Desde que abrazó el oficio orfebre de esculpir, no hace cosa diferente. Se levanta pechera enjalmada, cincel y martillo en mano;cuando no: el soplete y la máscara de soldar.

El ritual creativo se repite día tras día sin que el hombre logre modelar la perfección, cosa que no le permite un instante de sosiego y claridad mental, que pudiera conducirlo a elaborar la obra con la que cree se consagrará.

Sin embargo hoy será diferente. Luego de su baño matutino, su infaltable jugo de naranja y su torta con café, estará presto a moldear  lo que no tiene forma. Jacinto, que así se llama nuestro escultor, comenzará un nuevo día amasando toda la arcilla de que dispone.

Siguiendo sus dibujos y esquemas en el aire, modelará sin descanso el tronco, el que tiene que ser esbelto, seductor.
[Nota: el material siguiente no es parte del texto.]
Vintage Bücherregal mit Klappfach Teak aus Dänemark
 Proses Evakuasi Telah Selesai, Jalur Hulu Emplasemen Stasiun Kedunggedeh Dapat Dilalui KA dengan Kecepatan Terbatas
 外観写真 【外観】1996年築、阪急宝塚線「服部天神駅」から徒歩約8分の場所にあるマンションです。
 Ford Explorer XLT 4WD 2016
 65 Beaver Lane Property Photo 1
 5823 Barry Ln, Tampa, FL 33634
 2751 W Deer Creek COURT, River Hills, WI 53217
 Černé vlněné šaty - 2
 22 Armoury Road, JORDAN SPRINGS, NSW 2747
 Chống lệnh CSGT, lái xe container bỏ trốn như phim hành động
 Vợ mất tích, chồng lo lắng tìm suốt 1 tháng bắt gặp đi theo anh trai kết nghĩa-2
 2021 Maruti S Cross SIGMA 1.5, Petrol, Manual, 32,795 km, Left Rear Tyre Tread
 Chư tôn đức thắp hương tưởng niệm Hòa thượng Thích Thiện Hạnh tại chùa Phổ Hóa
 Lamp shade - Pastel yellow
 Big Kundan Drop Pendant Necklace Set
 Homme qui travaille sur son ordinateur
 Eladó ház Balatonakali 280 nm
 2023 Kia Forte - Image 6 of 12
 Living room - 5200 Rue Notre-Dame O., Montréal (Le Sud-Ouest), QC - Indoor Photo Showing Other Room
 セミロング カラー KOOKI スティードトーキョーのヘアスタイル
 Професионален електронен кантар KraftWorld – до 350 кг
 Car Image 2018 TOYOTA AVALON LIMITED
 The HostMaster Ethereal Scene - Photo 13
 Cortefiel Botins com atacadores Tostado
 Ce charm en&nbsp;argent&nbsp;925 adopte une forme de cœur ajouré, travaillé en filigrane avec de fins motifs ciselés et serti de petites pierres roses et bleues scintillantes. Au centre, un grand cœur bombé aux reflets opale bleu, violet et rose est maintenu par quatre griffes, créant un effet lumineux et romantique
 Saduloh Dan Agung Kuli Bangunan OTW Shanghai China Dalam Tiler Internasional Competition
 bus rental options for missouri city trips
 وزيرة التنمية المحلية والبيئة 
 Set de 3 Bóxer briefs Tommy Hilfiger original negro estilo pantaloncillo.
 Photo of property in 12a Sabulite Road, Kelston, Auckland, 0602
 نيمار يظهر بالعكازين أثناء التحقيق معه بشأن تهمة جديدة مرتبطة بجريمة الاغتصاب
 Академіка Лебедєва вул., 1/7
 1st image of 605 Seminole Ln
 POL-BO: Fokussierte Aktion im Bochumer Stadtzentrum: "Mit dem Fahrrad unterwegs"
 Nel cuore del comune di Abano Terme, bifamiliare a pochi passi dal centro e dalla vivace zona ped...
Luego esculpirá sus brazos hasta lograr que tengan apariencia fina. Sus manos delicadas y ágiles, tendrán toda su atención y maestría escultórica. Con su cuello de garza habrá construído un camino elegante hacia la cara, y una vez ahí; deberá calcar la faz de Afrodita y moldear sus pechos de lanza, para finalmente poner en su cabeza la cabellera de la Diosa del amor y la belleza.

Terminado su trabajo, reposará varios días hasta que ella seque totalmente para dar inicio a los detalles. Esculpirá su nariz, sus ojos, sus uñas y pies, además del atuendo que le enfundará.

Desde aquel instante, el taller será su único hábitat y en él gastará cada bocanada de vida hasta empezar a alucinar y convencerse que es real: la mujer por la que los fantasmas de humo lo torturaron sueño tras sueño y cuya figura dibujaba en el aire, logrará nublar su razón y le hará creer que estira sus brazos para juntos bailar hasta el cansancio, la danza interminable de la locura y la genialidad.